The way individuals interpret events influences their thoughts and behavior

People try to determine motivations/attribute causes to behavior

1) Person perceives/observes behavior
2) Person believes behavior to be intentional, deliberate
3) Person attribute behavior to internal or external causes

Achievement attributed to: ability, effort, task difficulty, luck
Causal dimensions of behavior: locus of control (internal v external), stability (whether changes over time), controllability (can causes be controlled?)
Cognitive dissonance theory
(L. Festinger)

Individuals seek consistency among beliefs/opinions
When there is an inconsistency, something must be eliminated to lessen dissonance such as: attitude will change to accommodate behavior

Strength of dissonance based on: number of dissonant beliefs and importance of belief

To eliminate dissonance:
1) reduce importance of beliefs
2) add more consonant beliefs
3) change dissonant beliefs so no longer inconsistent

Greatest dissonance created when two alternatives are equally attractive
Constructivist theory
(J. Bruner)

Learning is an active process--new ideas based on past/current knowledge

Cognitive structure provides meaning and organization to experiences

Instructor should encourage students to discover principles by themselves.
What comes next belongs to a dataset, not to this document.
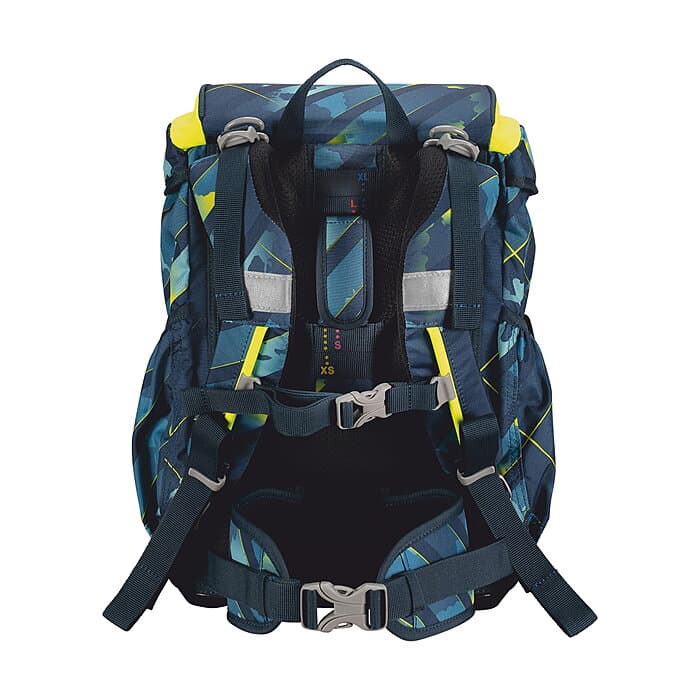 DerDieDas ErgoFlex Speed Challenge Schulrucksack-Set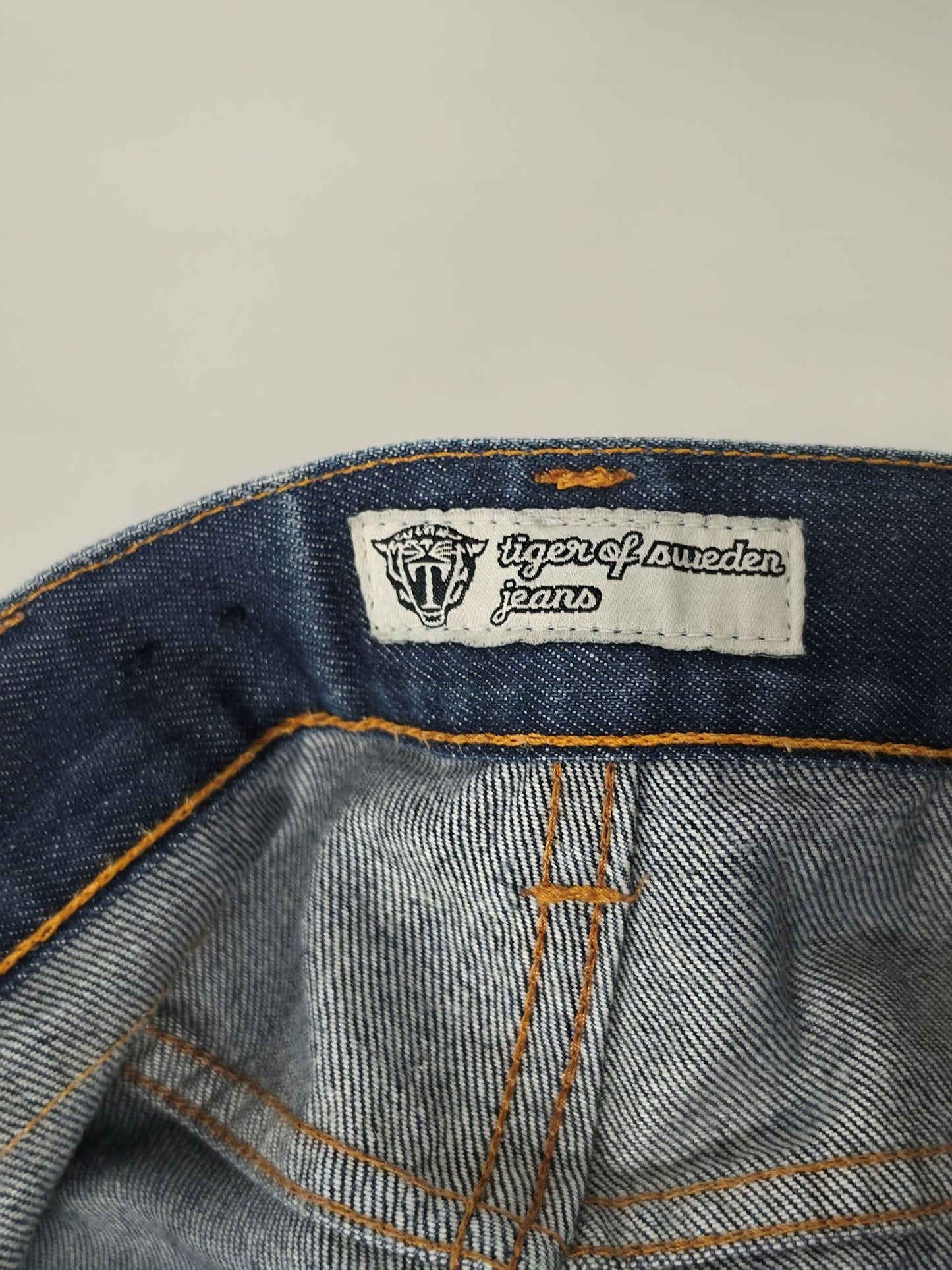 TIGER OF SWEDEN Jeans Chino Shorts Size 32 M Grey Washed Black Premium Summer Casual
Active dialogue/socratic learning.

1) Readiness: experience and context that make student willing/able to learn
2) Spiral organization: instruction structured so it can be grasped easily by students
3) Going beyond information given: information designed to facilitate extrapolation
(F. Marton & N. Entwistle)

The experience of learning from the student's perspective, phenomenological.

Data collected from learners themselves.

Students differ in how they relate to information they read (deep v. surface) and how they trie to organize their learning (holistic v. atomistic)

Research focused on learner, listening to experience of learner must occur in naturalistic setting involving actual content.